Pierwsze Watch Dogs zostało zapamiętane jako gra która nie dowiozła. Piękne pokazy na E3 a rzeczywistości potężny downgrades. Wydaje mi się że od tego czasu ludzie patrzą na ręce Ubisoftu. Grając w tą grę dziś mogę śmiało powiedzieć że Ubi i Rockstar robią najlepiej immersyjne światy. Poziom detali zwala z nóg. Cała masa animacji, npc świetnie wpisują się w tło mógłbym tak wymieniać.... . Nie oszukujmy się taki Cyberpunk 2077 nie ma startu do pierwszego Watch Dogs po względem budowy świata i imersji. Night City może i ładniejsze od Chicago ale leży pod względem imersji. Gra się w tą grę dziś przyjemnie, jak ktoś zna Ubi gry (a prawie wszyscy znają) to wie czego się spodziewać. Mroczny klimat, główny bohater podchodzi do wszystkiego poważnie, taka można powiedzieć depresyjna gra. Grałem na XSX w 60 fps. Przez całą grę miałem 2-3 glicze które nie wpływały na rozrywkę, raz mi grę wywaliło podczas misji fabularnej. Ogólnie stan techniczny jest bardzo dobry. Dodam na koniec że grałem w Watch Dogs 2 i przyznam że jest to lepsza cześć. Uważam że ta gra jest jedną z lepszych jakie Ubi zrobiło. Bardziej do mnie trafia słoneczne San Francisco niż ponure Chicago. No i jest więcej mechanik związanych z hakowaniem. Pierwsze Watch Dogs oceniam na 8,5/10. Polecam zagrać :)
Bardzo spoko, lubie sobie do niej powrocic w jesienne wieczory. Fajny klimat Chicago, spoko fabula, postacie, fabula.
Gra spoko, wciąga, fabuła na dobrym poziomie, irytuje jazda samochodem.

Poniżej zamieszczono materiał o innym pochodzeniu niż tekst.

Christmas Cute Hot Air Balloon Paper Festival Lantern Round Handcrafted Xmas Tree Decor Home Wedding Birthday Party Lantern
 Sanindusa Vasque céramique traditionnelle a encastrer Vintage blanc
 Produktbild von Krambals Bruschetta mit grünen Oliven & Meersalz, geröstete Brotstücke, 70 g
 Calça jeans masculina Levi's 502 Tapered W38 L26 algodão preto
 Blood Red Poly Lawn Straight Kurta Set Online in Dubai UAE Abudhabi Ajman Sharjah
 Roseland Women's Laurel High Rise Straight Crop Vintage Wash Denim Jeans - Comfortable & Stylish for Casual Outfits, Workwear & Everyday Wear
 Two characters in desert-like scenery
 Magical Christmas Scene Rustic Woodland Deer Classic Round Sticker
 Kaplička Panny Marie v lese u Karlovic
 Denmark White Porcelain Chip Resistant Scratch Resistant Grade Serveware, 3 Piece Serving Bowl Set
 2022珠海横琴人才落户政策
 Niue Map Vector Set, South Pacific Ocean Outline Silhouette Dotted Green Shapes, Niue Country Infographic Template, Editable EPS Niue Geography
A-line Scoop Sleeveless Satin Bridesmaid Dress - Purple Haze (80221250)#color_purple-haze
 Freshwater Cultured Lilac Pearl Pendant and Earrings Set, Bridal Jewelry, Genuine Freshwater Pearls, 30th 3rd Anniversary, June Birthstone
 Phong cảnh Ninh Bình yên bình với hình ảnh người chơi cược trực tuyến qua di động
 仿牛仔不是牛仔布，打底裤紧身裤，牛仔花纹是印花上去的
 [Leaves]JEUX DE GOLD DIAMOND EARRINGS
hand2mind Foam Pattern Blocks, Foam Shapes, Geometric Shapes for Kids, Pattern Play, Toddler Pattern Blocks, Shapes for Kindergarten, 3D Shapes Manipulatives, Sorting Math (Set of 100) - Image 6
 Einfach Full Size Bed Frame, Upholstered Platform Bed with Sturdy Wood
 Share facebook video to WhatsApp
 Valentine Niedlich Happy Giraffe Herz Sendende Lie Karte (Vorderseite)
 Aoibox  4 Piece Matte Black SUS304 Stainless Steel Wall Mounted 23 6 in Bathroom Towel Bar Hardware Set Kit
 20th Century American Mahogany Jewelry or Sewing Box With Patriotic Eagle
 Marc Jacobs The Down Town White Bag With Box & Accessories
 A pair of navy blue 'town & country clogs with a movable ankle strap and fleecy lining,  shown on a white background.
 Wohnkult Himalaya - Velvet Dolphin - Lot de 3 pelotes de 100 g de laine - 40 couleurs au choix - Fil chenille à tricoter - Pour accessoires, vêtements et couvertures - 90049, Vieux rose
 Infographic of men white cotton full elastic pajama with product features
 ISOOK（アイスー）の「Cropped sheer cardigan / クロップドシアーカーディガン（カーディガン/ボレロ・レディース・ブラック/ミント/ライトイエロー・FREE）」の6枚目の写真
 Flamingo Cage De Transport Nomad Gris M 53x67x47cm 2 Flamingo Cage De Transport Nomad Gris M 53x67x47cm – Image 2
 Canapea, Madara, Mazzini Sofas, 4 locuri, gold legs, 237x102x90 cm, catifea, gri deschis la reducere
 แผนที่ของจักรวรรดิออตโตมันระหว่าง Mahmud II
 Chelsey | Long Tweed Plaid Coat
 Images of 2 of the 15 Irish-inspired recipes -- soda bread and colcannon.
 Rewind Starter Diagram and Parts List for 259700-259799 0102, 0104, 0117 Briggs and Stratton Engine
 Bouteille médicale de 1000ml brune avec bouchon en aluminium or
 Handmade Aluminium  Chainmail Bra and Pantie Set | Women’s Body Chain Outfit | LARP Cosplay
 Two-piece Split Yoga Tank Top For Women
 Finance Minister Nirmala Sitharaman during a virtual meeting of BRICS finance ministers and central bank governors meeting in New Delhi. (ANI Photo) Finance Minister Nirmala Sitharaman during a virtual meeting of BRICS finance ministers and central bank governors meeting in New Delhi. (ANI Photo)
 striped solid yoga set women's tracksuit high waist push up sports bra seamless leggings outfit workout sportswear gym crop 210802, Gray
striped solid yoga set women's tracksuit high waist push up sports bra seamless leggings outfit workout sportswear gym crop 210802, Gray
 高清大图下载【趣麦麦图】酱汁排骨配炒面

Odpaliłem to sobie z ciekawości, bo wcześniej nie grałem, a UV coś niedawno zachwalał w internetach, że spoko i warto wrócić. W dwójkę grałem trochę jakiś czas temu, nie całą, była OK. No i okazało się, że faktycznie pierwsze Watch Dogs wygląda na bardzo przyzwoitą grę. Poważny, sensacyjny klimat w stosunku do radosnej hejki 2-ki i ciekawa fabuła. Chicago świetnie zrobione, z klimatem. Zgadzam się z wpisami powyżej, że miasto bije na głowę Night City z CP2077, które może wygląda trochę lepiej w sensie grafiki technicznej, ale jest dość sztuczne i sterylne. Tutaj człowiek się czuje jak w domu, takie jakieś swojskie, żywe i naturalne to jest. Mapa, menusy, rozwój, elementy rpg przyzwoite. Wszystko to jest po prostu jakieś fajne i na miejscu. Tylko wiadomo, z ubisoftowym sznytem. Jedyne co mi się nie podobało na początku to jazda samochodem, bo próbowałem jeździć jak w ścigałkach, po zwolnieniu i uważniejszym kierowaniu było lepiej, ale to nie jest mocny punkt tej produkcji. Poza tym nie ma się do czego doczepić na starcie. Świetna gierka na spokojne wieczory po ciężkim dniu. Jak będzie trochę czasu to z przyjemnością skończę.
Dobra gra połączenie Assasin Creed i splinter cell jak dla mnie. Ciekawa sprawa z hakowaniem. Upierdliwe sterowanie pojazdami, dość dziwne.Duze wymagania sprzętowe.